The text of every record, exactly as given and with no pictures, should be your output.

(Short text fragments from websites)
- - - - - - -

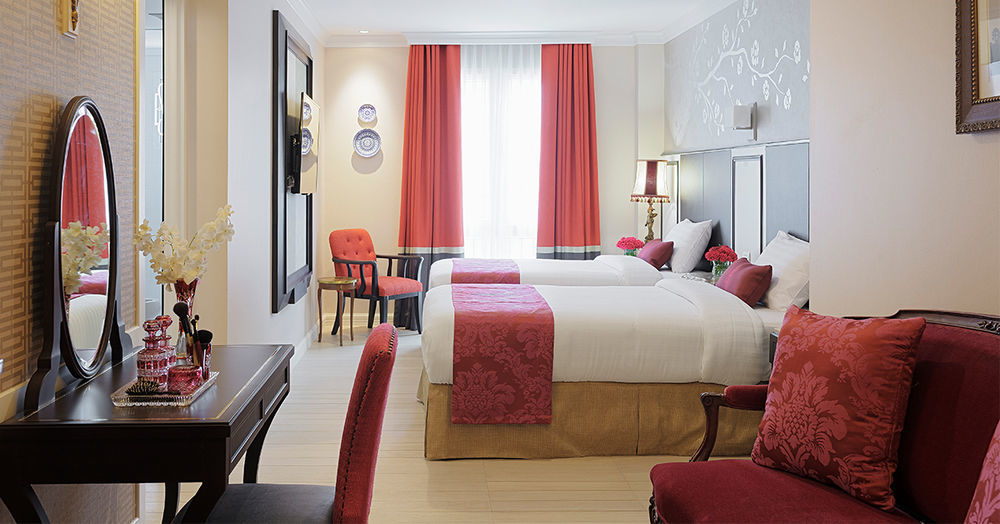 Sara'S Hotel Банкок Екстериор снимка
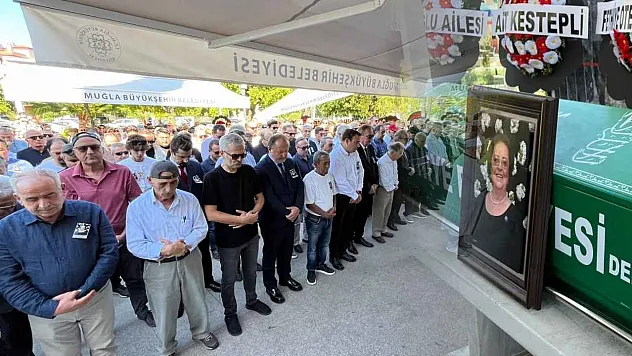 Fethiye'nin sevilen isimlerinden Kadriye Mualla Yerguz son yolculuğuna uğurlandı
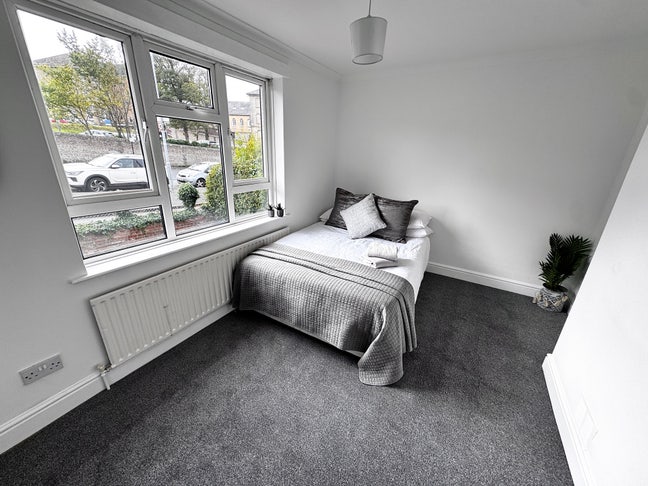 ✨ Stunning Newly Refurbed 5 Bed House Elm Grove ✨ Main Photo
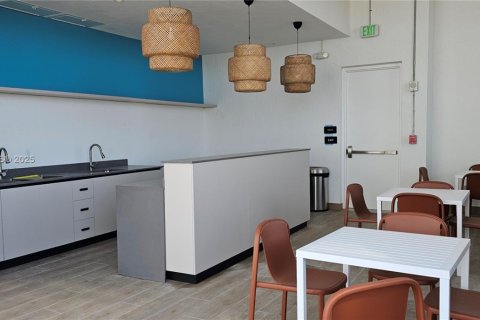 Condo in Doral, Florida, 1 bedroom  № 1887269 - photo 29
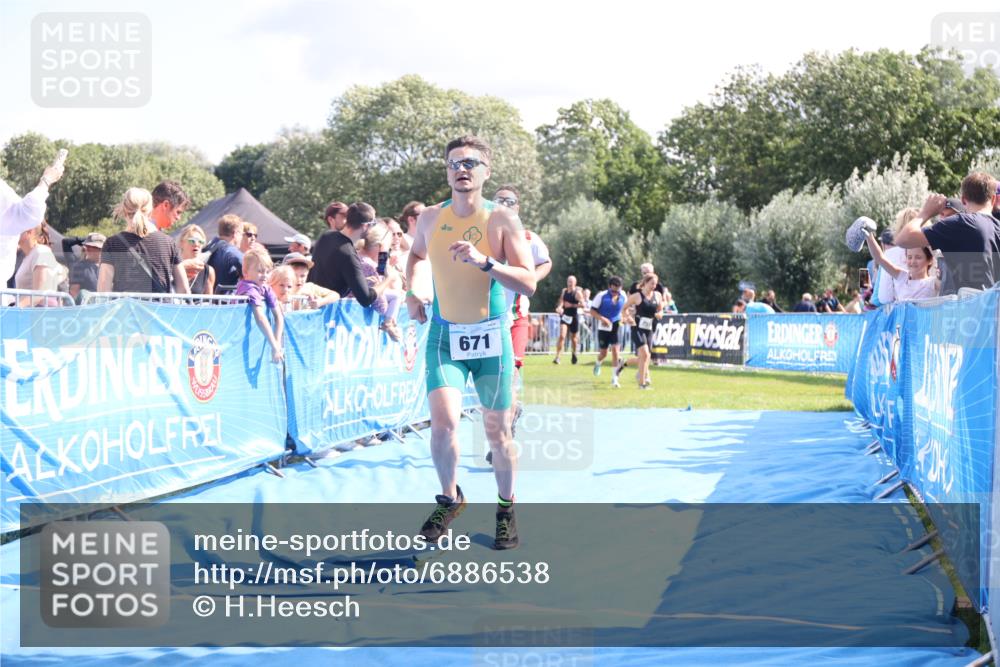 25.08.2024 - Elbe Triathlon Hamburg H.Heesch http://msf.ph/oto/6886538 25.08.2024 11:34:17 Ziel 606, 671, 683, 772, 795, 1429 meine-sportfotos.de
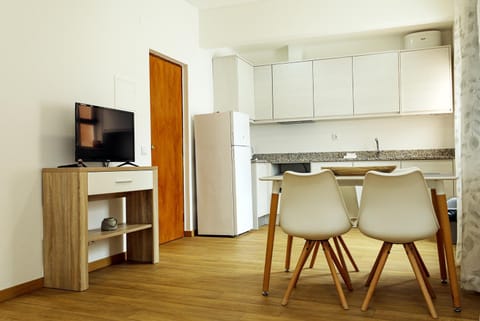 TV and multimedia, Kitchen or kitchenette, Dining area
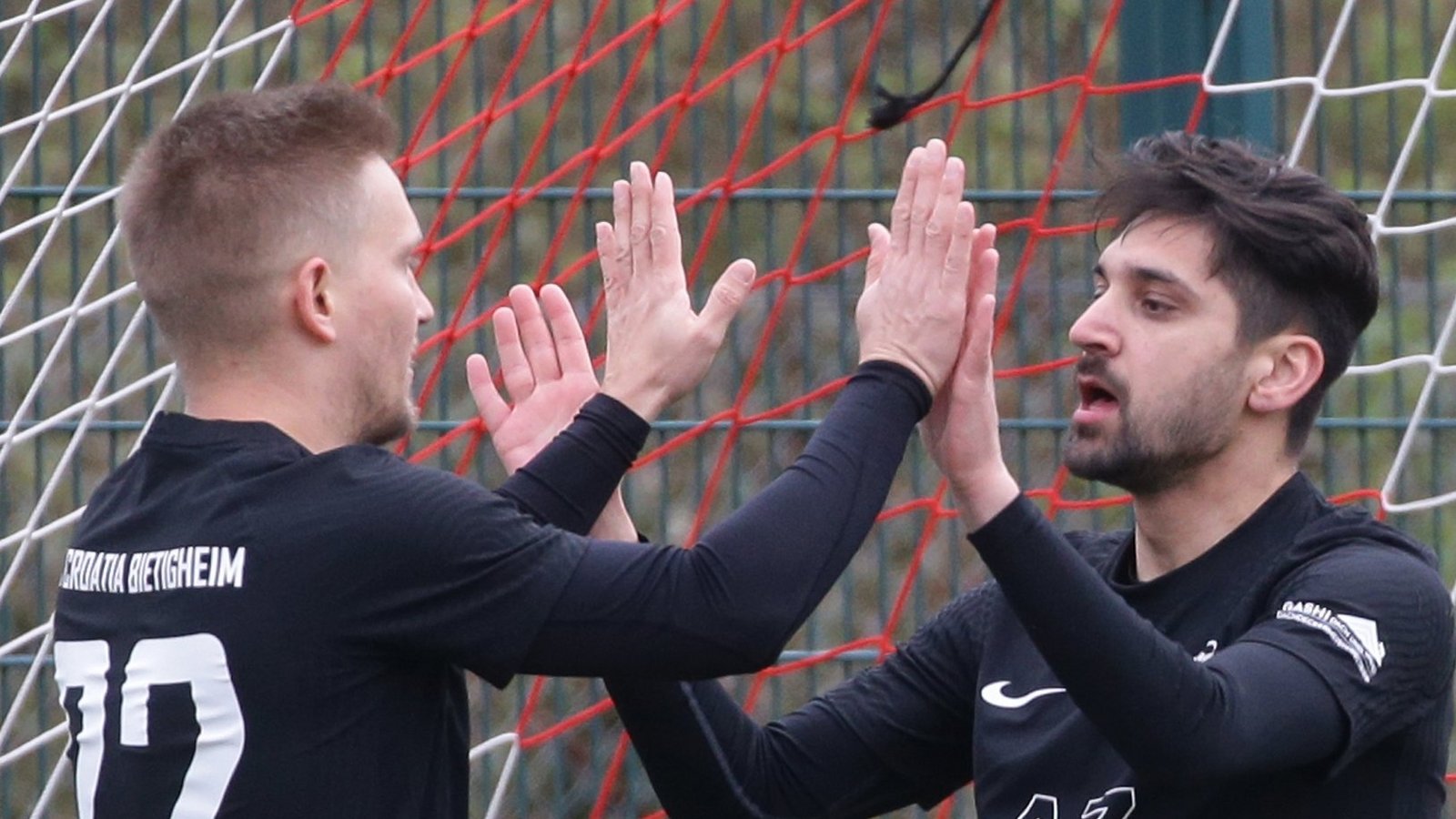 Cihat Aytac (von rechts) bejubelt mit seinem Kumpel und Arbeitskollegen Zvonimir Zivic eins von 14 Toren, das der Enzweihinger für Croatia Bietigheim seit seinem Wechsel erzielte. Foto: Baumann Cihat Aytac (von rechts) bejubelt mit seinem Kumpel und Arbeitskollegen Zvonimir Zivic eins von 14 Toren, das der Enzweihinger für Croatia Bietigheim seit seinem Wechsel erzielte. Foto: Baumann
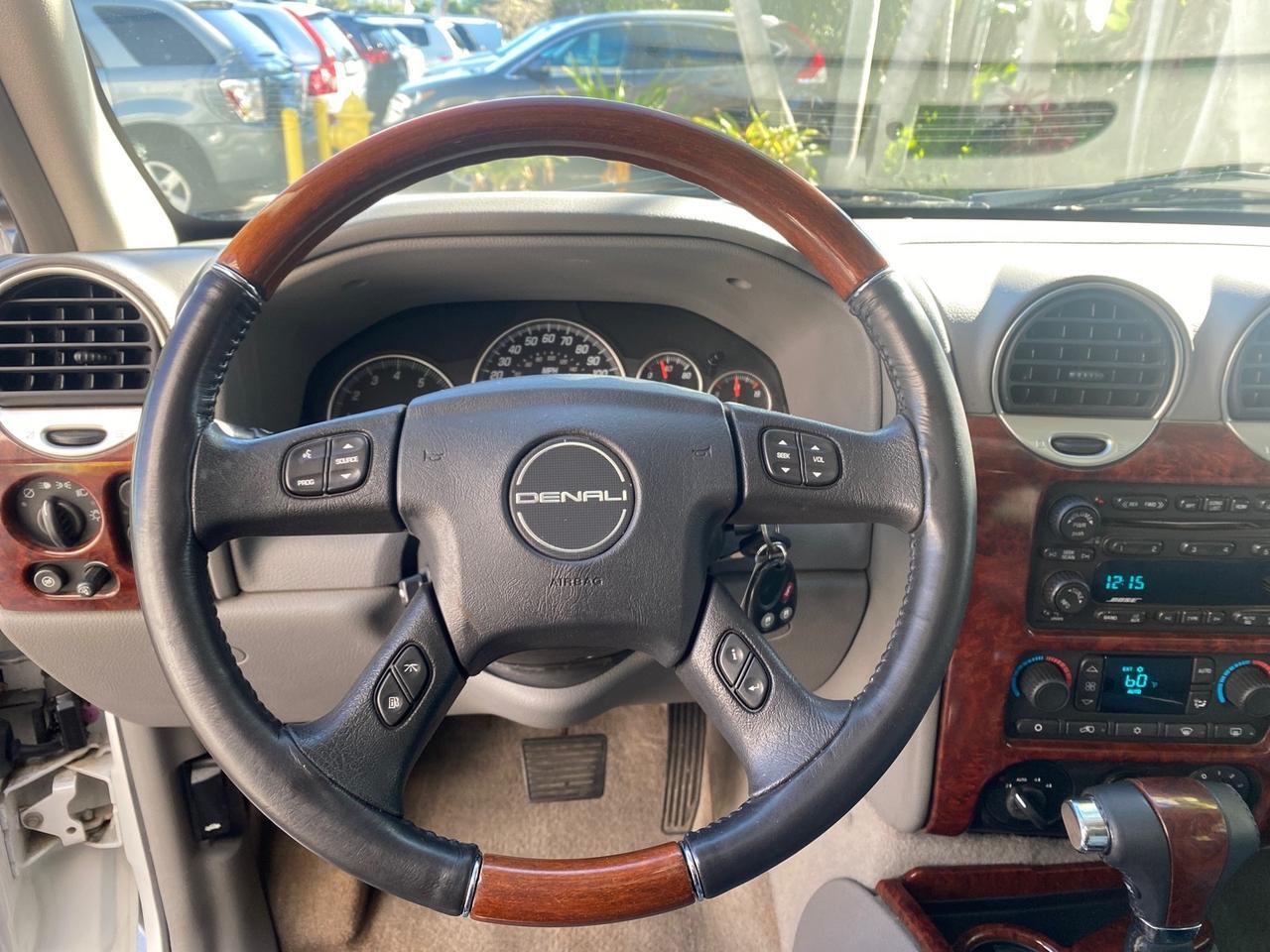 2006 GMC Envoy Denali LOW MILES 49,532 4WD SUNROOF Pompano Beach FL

- - - - - - -

• _Solution for this problem_:
 Sara'S Hotel Банкок Екстериор снимка
 Fethiye'nin sevilen isimlerinden Kadriye Mualla Yerguz son yolculuğuna uğurlandı
 ✨ Stunning Newly Refurbed 5 Bed House Elm Grove ✨ Main Photo
 Condo in Doral, Florida, 1 bedroom  № 1887269 - photo 29
 25.08.2024 - Elbe Triathlon Hamburg H.Heesch http://msf.ph/oto/6886538 25.08.2024 11:34:17 Ziel 606, 671, 683, 772, 795, 1429 meine-sportfotos.de
 TV and multimedia, Kitchen or kitchenette, Dining area
 Cihat Aytac (von rechts) bejubelt mit seinem Kumpel und Arbeitskollegen Zvonimir Zivic eins von 14 Toren, das der Enzweihinger für Croatia Bietigheim seit seinem Wechsel erzielte. Foto: Baumann Cihat Aytac (von rechts) bejubelt mit seinem Kumpel und Arbeitskollegen Zvonimir Zivic eins von 14 Toren, das der Enzweihinger für Croatia Bietigheim seit seinem Wechsel erzielte. Foto: Baumann
 2006 GMC Envoy Denali LOW MILES 49,532 4WD SUNROOF Pompano Beach FL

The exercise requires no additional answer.